[Records contained in a dataset]
══════════════════════════════
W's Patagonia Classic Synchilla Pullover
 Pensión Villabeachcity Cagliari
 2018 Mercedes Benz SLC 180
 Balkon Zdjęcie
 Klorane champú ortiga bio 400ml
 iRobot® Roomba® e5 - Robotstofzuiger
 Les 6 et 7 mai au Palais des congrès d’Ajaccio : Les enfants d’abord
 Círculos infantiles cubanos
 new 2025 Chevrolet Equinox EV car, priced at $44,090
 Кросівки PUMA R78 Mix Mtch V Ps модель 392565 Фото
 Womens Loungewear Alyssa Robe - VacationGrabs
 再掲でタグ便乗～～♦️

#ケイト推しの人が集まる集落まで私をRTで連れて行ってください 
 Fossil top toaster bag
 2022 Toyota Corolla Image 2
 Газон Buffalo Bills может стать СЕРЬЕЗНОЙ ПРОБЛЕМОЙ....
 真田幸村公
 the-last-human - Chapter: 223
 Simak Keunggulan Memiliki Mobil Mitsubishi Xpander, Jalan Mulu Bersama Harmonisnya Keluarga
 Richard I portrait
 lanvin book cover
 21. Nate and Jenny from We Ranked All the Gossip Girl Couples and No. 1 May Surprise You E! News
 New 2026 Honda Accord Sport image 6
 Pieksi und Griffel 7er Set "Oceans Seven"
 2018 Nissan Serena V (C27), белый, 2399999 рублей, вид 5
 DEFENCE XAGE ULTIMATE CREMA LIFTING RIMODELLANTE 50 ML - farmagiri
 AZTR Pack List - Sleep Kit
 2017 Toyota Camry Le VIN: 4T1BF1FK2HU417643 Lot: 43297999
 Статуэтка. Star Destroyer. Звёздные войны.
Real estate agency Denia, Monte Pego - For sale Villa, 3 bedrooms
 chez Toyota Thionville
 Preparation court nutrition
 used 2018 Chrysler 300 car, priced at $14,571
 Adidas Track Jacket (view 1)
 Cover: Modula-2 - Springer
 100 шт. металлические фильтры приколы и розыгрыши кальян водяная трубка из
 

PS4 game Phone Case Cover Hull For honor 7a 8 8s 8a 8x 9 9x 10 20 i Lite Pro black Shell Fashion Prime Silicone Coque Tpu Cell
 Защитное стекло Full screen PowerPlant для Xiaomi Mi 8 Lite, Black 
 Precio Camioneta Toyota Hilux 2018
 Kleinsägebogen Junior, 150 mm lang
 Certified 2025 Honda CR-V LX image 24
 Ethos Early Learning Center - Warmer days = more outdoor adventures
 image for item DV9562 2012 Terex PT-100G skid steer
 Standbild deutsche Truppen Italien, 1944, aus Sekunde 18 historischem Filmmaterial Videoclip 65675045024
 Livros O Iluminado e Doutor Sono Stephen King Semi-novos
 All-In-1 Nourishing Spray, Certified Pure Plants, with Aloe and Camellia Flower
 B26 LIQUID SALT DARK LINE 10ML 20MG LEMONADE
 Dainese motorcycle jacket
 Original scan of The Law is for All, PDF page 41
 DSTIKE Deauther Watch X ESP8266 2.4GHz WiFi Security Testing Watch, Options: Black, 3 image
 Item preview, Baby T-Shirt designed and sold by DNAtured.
══════════════════════════════
**ABOUT THIS TASK**
Retype each record, matching it exactly.

**RESPONSE TO THIS TASK**
W's Patagonia Classic Synchilla Pullover
 Pensión Villabeachcity Cagliari
 2018 Mercedes Benz SLC 180
 Balkon Zdjęcie
 Klorane champú ortiga bio 400ml
 iRobot® Roomba® e5 - Robotstofzuiger
 Les 6 et 7 mai au Palais des congrès d’Ajaccio : Les enfants d’abord
 Círculos infantiles cubanos
 new 2025 Chevrolet Equinox EV car, priced at $44,090
 Кросівки PUMA R78 Mix Mtch V Ps модель 392565 Фото
 Womens Loungewear Alyssa Robe - VacationGrabs
 再掲でタグ便乗～～♦️

#ケイト推しの人が集まる集落まで私をRTで連れて行ってください 
 Fossil top toaster bag
 2022 Toyota Corolla Image 2
 Газон Buffalo Bills может стать СЕРЬЕЗНОЙ ПРОБЛЕМОЙ....
 真田幸村公
 the-last-human - Chapter: 223
 Simak Keunggulan Memiliki Mobil Mitsubishi Xpander, Jalan Mulu Bersama Harmonisnya Keluarga
 Richard I portrait
 lanvin book cover
 21. Nate and Jenny from We Ranked All the Gossip Girl Couples and No. 1 May Surprise You E! News
 New 2026 Honda Accord Sport image 6
 Pieksi und Griffel 7er Set "Oceans Seven"
 2018 Nissan Serena V (C27), белый, 2399999 рублей, вид 5
 DEFENCE XAGE ULTIMATE CREMA LIFTING RIMODELLANTE 50 ML - farmagiri
 AZTR Pack List - Sleep Kit
 2017 Toyota Camry Le VIN: 4T1BF1FK2HU417643 Lot: 43297999
 Статуэтка. Star Destroyer. Звёздные войны.
Real estate agency Denia, Monte Pego - For sale Villa, 3 bedrooms
 chez Toyota Thionville
 Preparation court nutrition
 used 2018 Chrysler 300 car, priced at $14,571
 Adidas Track Jacket (view 1)
 Cover: Modula-2 - Springer
 100 шт. металлические фильтры приколы и розыгрыши кальян водяная трубка из
 

PS4 game Phone Case Cover Hull For honor 7a 8 8s 8a 8x 9 9x 10 20 i Lite Pro black Shell Fashion Prime Silicone Coque Tpu Cell
 Защитное стекло Full screen PowerPlant для Xiaomi Mi 8 Lite, Black 
 Precio Camioneta Toyota Hilux 2018
 Kleinsägebogen Junior, 150 mm lang
 Certified 2025 Honda CR-V LX image 24
 Ethos Early Learning Center - Warmer days = more outdoor adventures
 image for item DV9562 2012 Terex PT-100G skid steer
 Standbild deutsche Truppen Italien, 1944, aus Sekunde 18 historischem Filmmaterial Videoclip 65675045024
 Livros O Iluminado e Doutor Sono Stephen King Semi-novos
 All-In-1 Nourishing Spray, Certified Pure Plants, with Aloe and Camellia Flower
 B26 LIQUID SALT DARK LINE 10ML 20MG LEMONADE
 Dainese motorcycle jacket
 Original scan of The Law is for All, PDF page 41
 DSTIKE Deauther Watch X ESP8266 2.4GHz WiFi Security Testing Watch, Options: Black, 3 image
 Item preview, Baby T-Shirt designed and sold by DNAtured.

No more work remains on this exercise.